- Information given -

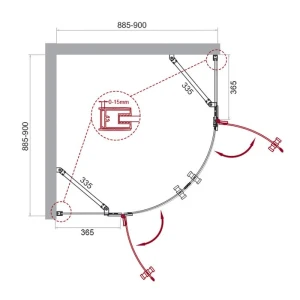 Душевой уголок BelBagno KRAFT-R-2-90-C-Cr 90х90 стекло прозрачное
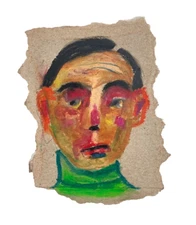 Original Outsider Art Primitive Man Naive Portrait Painting Peewee Herman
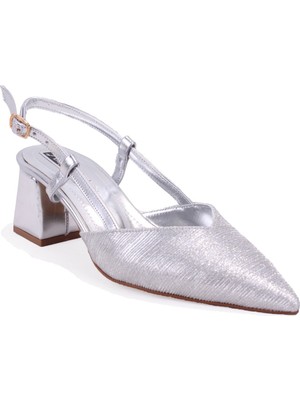 Dagoster DZA07-1296030 Gümüş 6,5 cm Kalın Topuklu Klasik Kadın Ayakkabı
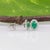 Emerald Stud Earrings With Earth-Mined Diamond Accents: Solid 14k Gold, A Pair For Sale - Image 4 of 5
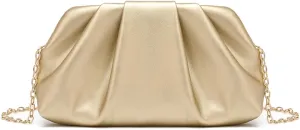 Dreubea Women's Fashion Cloud Shape Evening Bag Charming Fold Leather Clutch Handbag with Chain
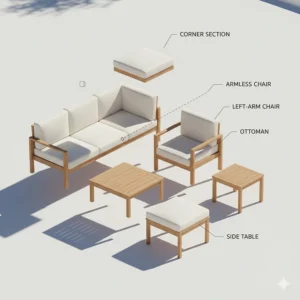 Diagram showing individual corner units, armless chairs, and ottomans that make up a modular outdoor set.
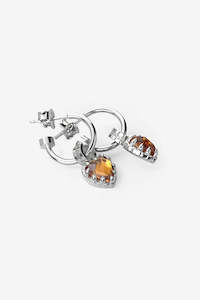 Earrings: Stolen Girlfriends Club Love Anchor Earrings - Silver Orange Citrine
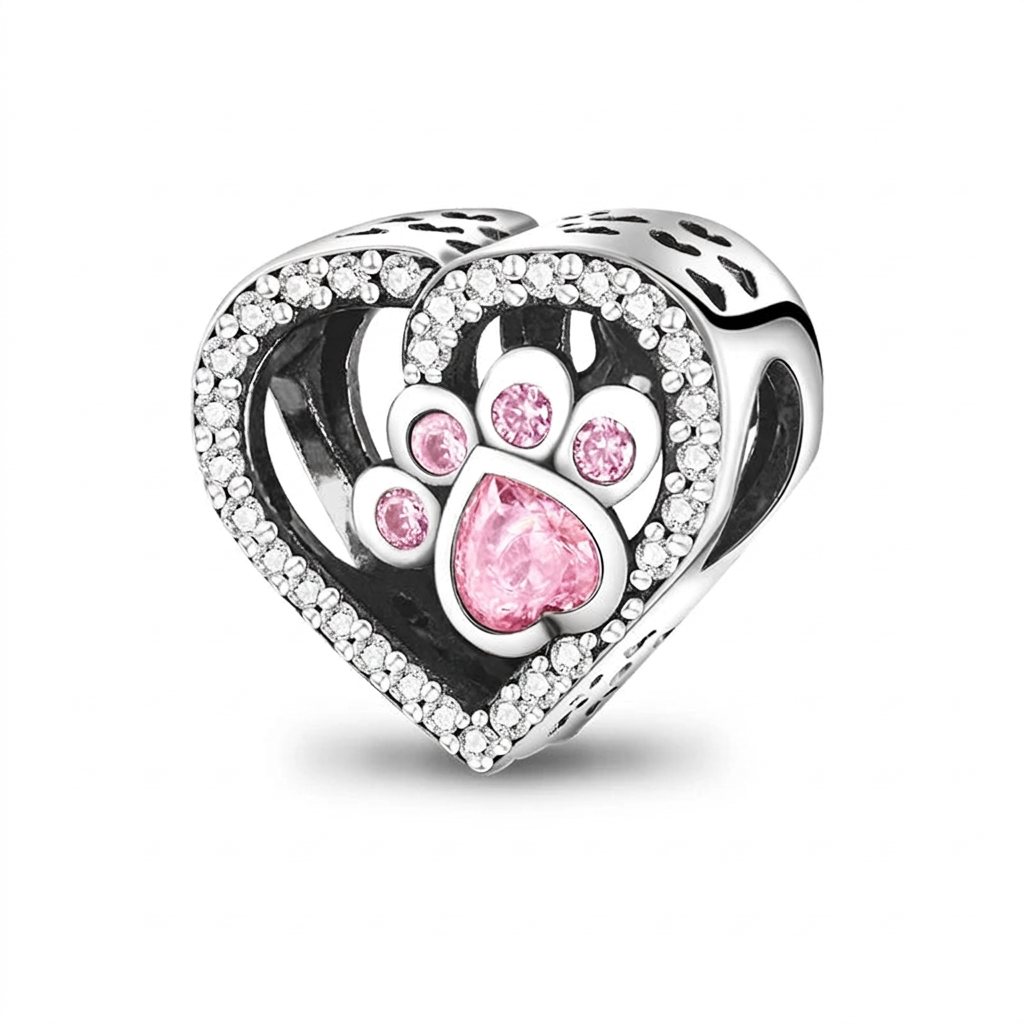 Pink Paw Print Heart Charm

- Requirement -
Reproduce exactly the lines that run from the line holding "Earrings: Stolen Girlfriends" through the final line of the entries, and omit every picture.

- Problem solution -
 Earrings: Stolen Girlfriends Club Love Anchor Earrings - Silver Orange Citrine
 Pink Paw Print Heart Charm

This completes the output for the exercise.